30. Bölüm

17.8K 899 145
                                    

"Sadece doğum tarihi var"

Vedat hüzünlü gözlerini yanın da ki genç karısına çevirip hafifçe tebessüm etti.

"Melekler ölemez"

Genç kız duygu dolu gözlerini yanında ki adama çevirip uzun uzun baktı.

Bu adam neydi.

Nasıldı.

Onu gören,gözlerinde gördüğü ateşten korkup kaçardı ama Vedat başkaydı bambaşka. Onu anlamak belki de imkansızdı. İyimiydi. Yoksa kötümü . Ne yapmayı severdi. Bilmiyordu ama içinde biriktiği her hüznün de kalbi bir anlam, bir ağırlık taşıyordu.

Yavaştan hava kararmaya yüz tutmuş rüzgar soğuk esintisini belli etmeye başlamıştı. Oğullarının mezar taşlanın döşenmiş. Özenle çizilmiş kanat figürü genç kızın yüzünde hüzün dolu bir gülümsemeye sebep olurken Vedat dalgın gözlerini karısına çevirmişti.

"Gidelim mi"

Genç kadın ağır ağır gözlerini yanın da ki adama çevirerek başını sallamış  oğlunun mezarına son kez bakıp

"Annen seni çok seviyor oğlum.." demişti fısıltı gibi çıkan sesiyle.

"Baban da"

Daha sonra gözlerini gök yüzüne kaldıran genç kız.

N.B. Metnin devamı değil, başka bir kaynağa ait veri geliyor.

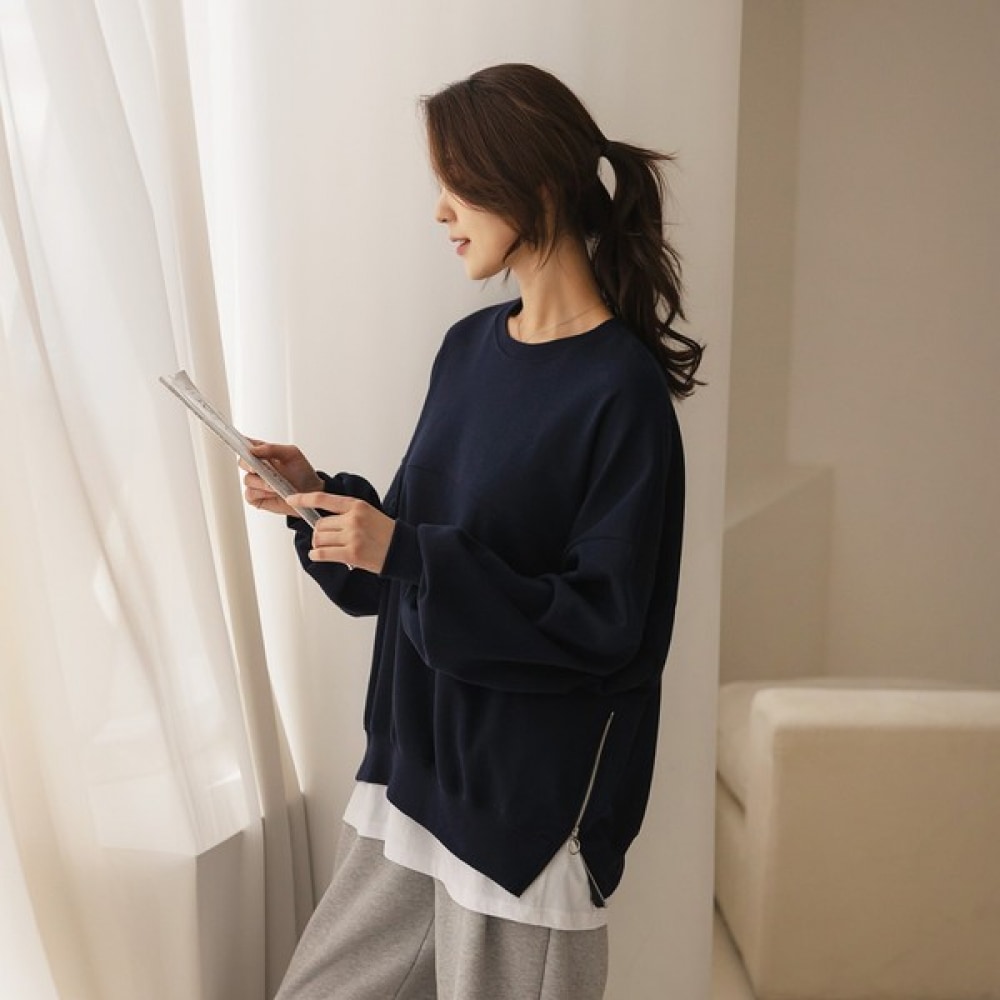 [ELYSIA] リンパーレイヤードサイドジップアップTシャツ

"Sen gök yüzünde kanat çırpıyorsun yavrum... Biz ise yer yüzünde çırpınıyoruz"

Gözünden damlayan son yaşı eliyle sildi. 

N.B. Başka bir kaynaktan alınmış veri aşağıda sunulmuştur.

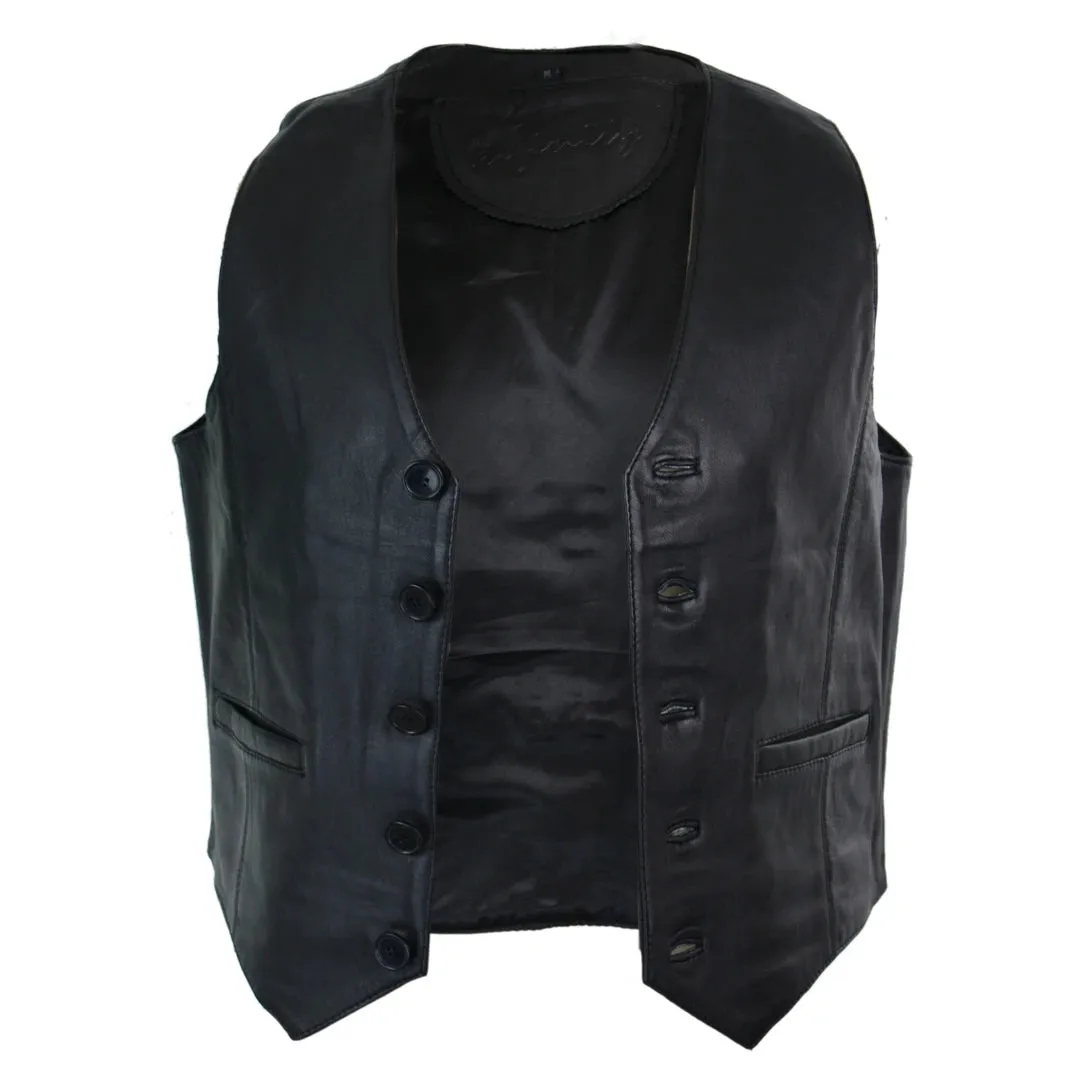 Men's Leather Gilet Waistcoat Classic Black Camel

"En güzele emanetsin yavrum"

Vedat önden yürümeye başlamasıyla Hira derin bir nefes alıp kocasını takip etmiş mezarlıktan çıkmışlardı.

Mezarlığa son kez bakıp derin bir nefes veren genç kadın arabaya bindi. Araba toprağın altın da ilerlerken Hira'nın gözleri gökyüzünü inceliyordu. Her bir bulut ona oğlunu anımsatıyordu sanki. Belki bulutlar da bu yüzden vardı. Yok olanı şekillendirmek için..

İçine bir huzur yerleşmişti genç kızın. Belki de oğluna yaklaştığı içindi. Belki de onun varlığını kalbinde hissettiği için. Onun nerde olduğunu kabullendiği içindi belki de. Ama huzurluydu. Her ne kadar acısı yüreğinde olsa da yüreği biraz olsun sakinleşmiştiç

~~

Evin kapısından içeri girip Hira ikili koltuğa otururken Vedat'ta karşısına oturmuştu.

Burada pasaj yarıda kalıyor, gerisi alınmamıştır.